Another model is found in the Jesuit Refugee Service's practice of physical accompaniment, which signals God's presence alongside those excluded from national polity.
The church can thereby hold a mirror up to liberal democracy's claims of inclusion and human rights by demanding the state live up to its own ideals. As political philosopher Selya Benhabib argues in The Rights of Others, "There is not only a tension, but often an outright contradiction, between human rights declarations and states' sovereign claim to control their borders as well as to monitor the quality and quantity of admittees."
Hallowing the life of refugees and accompanying them beyond the services of resettlement includes advocating for just national and international immigration policies that are grounded in something more than the economic needs of the welcoming nation.
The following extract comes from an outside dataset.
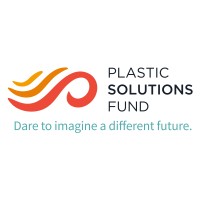 Plastic Solutions Fund logo - Similar company to Bonsai Leadership Group Llc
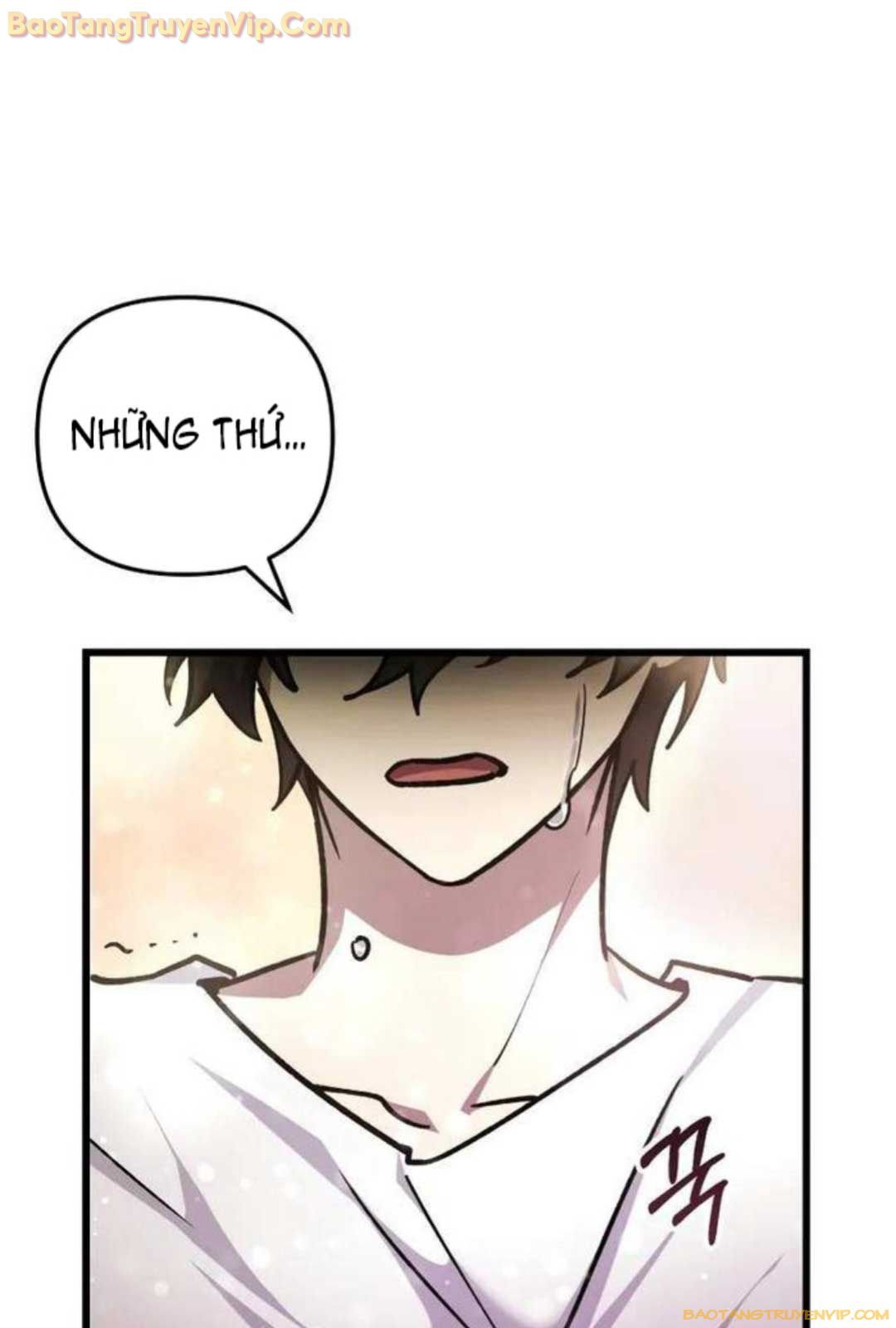 Giả Vờ Làm Kẻ Vô Dụng Ở Học Đường: Chapter 93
This is not to say that the church, or other religious organizations, should abjure their roles in resettling refugees. However, if they are to partner with the state in this process, they must also stretch their imagination and political commitments beyond the borders of the nation-state and the national rhetoric that accompanies debates on immigration.
The church would then act as a public and political witness to the presence and dignity of refugees, both locally and worldwide. In so doing, the church might be surprised to find itself following the way of the God who, in Karl Barth's wonderful phrase, journeyed into the far country for our sake.